Fuzzy control was originally designed to control systems whose state s can be described by several parameters a, ..., b. Often, for such a system, there exist reasonable control strategies u(a,b), ..., v(a,b), each of which work for some states. Experts can express when each strategy works: “if a is small, ..., and b is small, then u(a,b)”; “if a is large, ..., and b is medium, then v(a,b)”; and so on.

Fuzzy control formalizes the meaning of “small,” “medium,” and so on, and explains how to properly interpolate the strategies u(a,b), ..., v(a,b) into a single control strategy that is applicable for all possible combinations of a, ..., b. Similar rules describe how, under different controls, the state s(t) of the system changes with time t.
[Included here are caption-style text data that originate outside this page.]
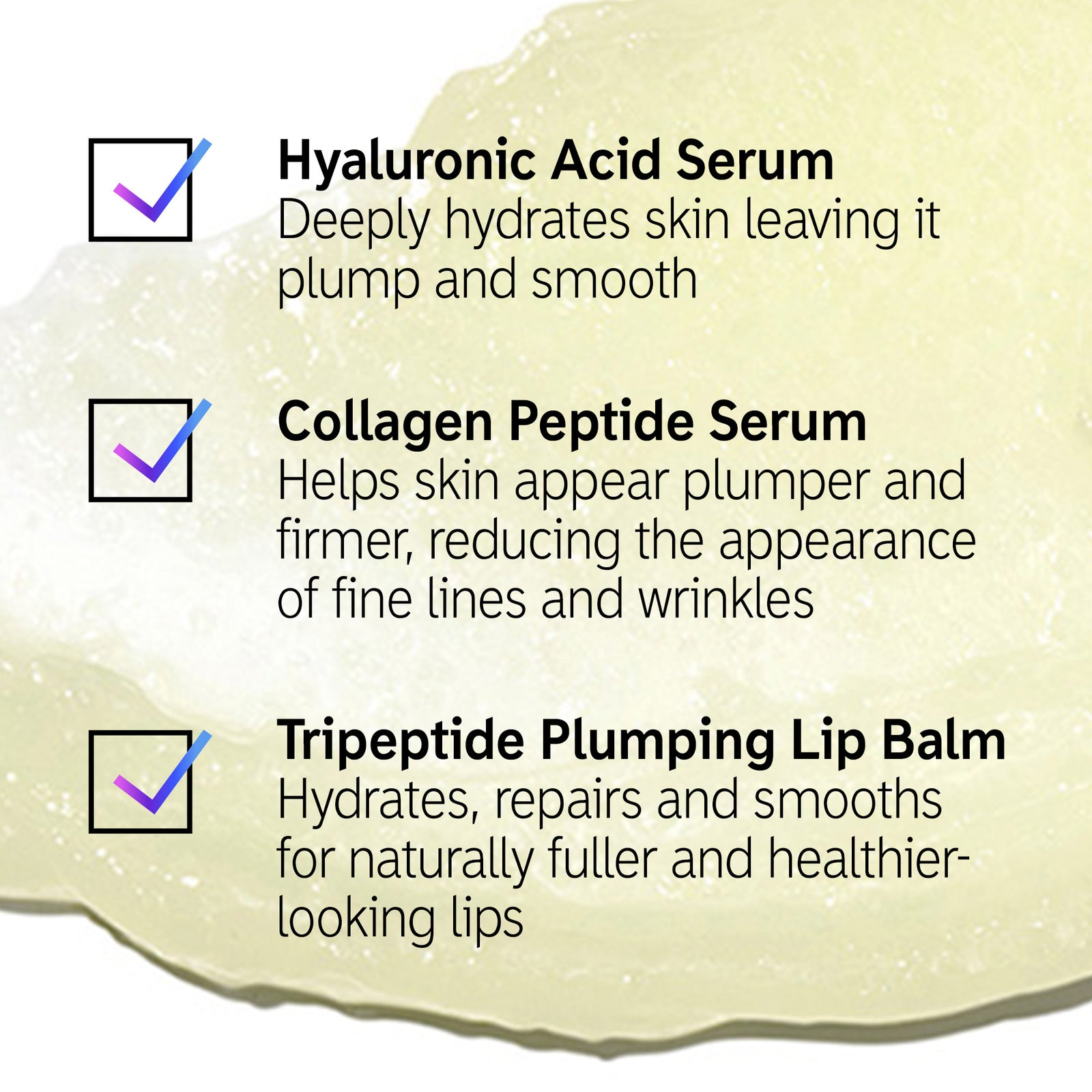 Products in Hydrate and Plump Trio & their benefits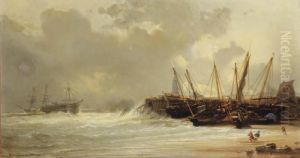 Fishing Vessels Moored On A Beach by Jean Baptiste Henri Durand-Brager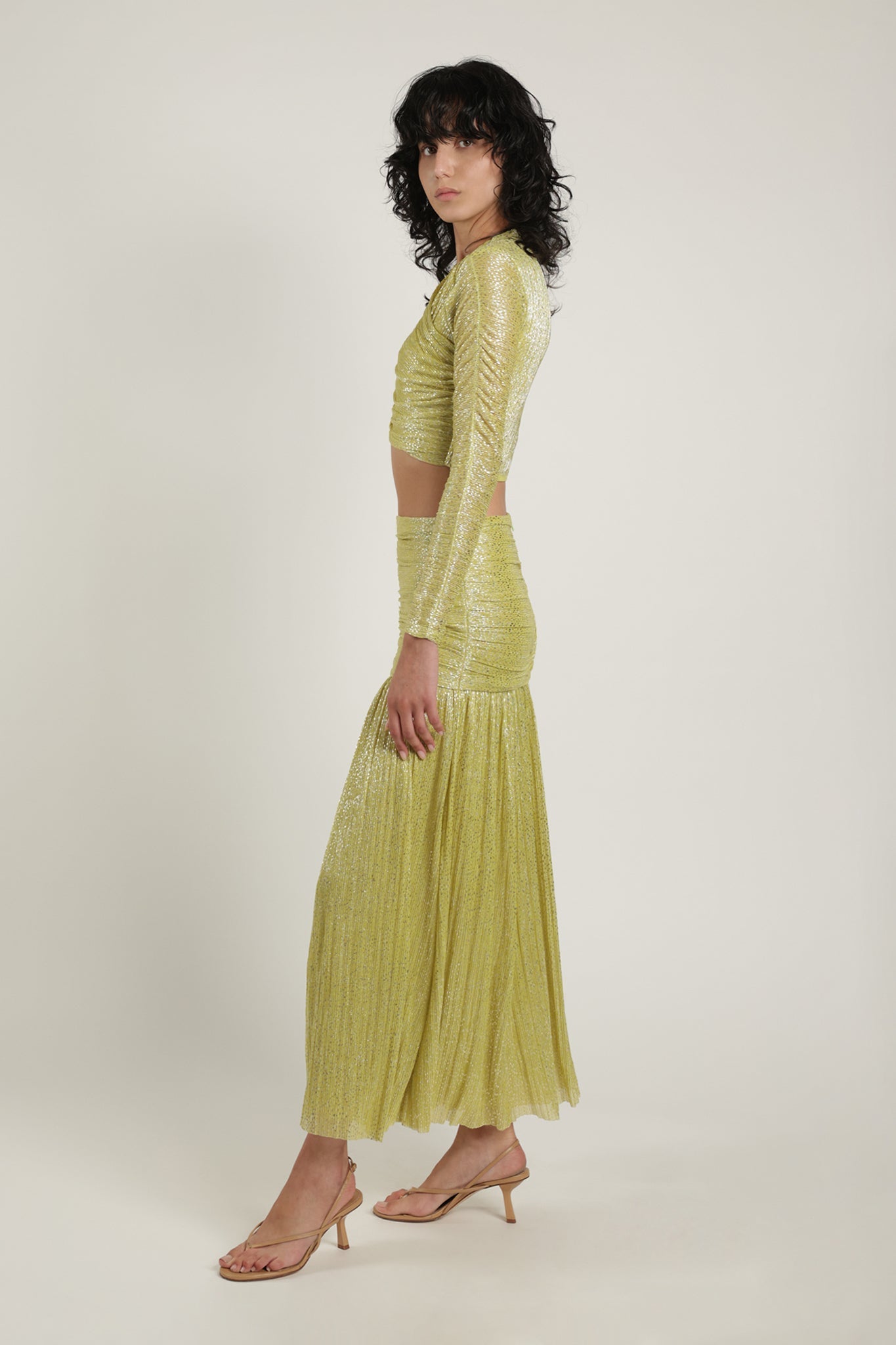 SABINA MUSAYEV - pleated_knit_w_speckled_foil_sunny_lime_summer_24
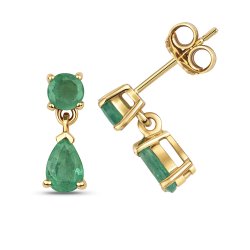 Emerald Round And Pear Shape Drops In 9ct Gold 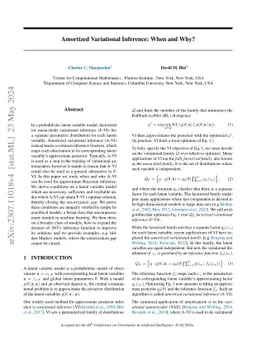Amortized Variational Inference: When and Why?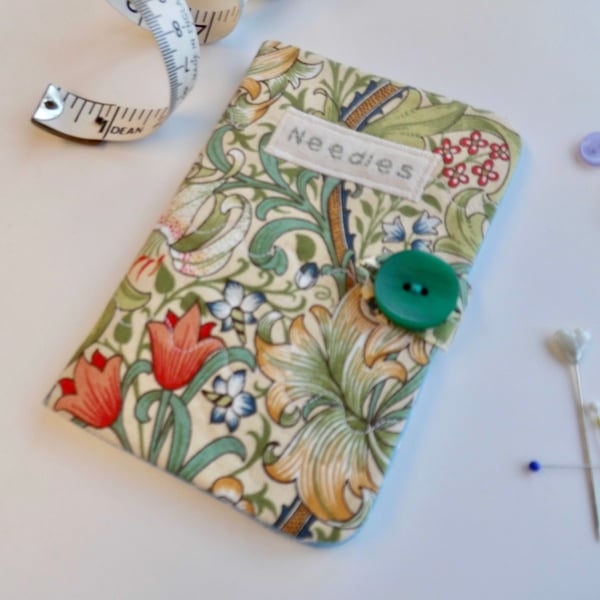 Sewing needle case in Golden Lily fabric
Many practical systems are spatially distributed. This paper considers the simplest case of 1D spatial systems (such as a multi-layer heater) in which the state s depends on the spatial coordinate x. For such a system, the state s(x,t+1), at the next moment of time t+1, depends not only on previous state s(x,t), control u(x,t), and external effects w(x,t), but also on the nearby state s(x-1,t) and s(x-1,t+1) (for example, when a hot surface at x-1 heats the surface at x). In principle, we can list the rules corresponding to all possible combinations of values (small, medium, and so on) of s(x,t), u(x,t), w(x,t), s(x-1,t), and s(x-1,t+1). However, there are so many such combinations that this approach is not very feasible. The authors show that for many practical systems, both to describe the system dynamics and to describe an appropriate control, it is sufficient to enumerate conditions based only on s(x,t), s(x-1,t), s(x-1,t+1). This fact drastically decreases the number of rules while retaining the ability to have a stable controller.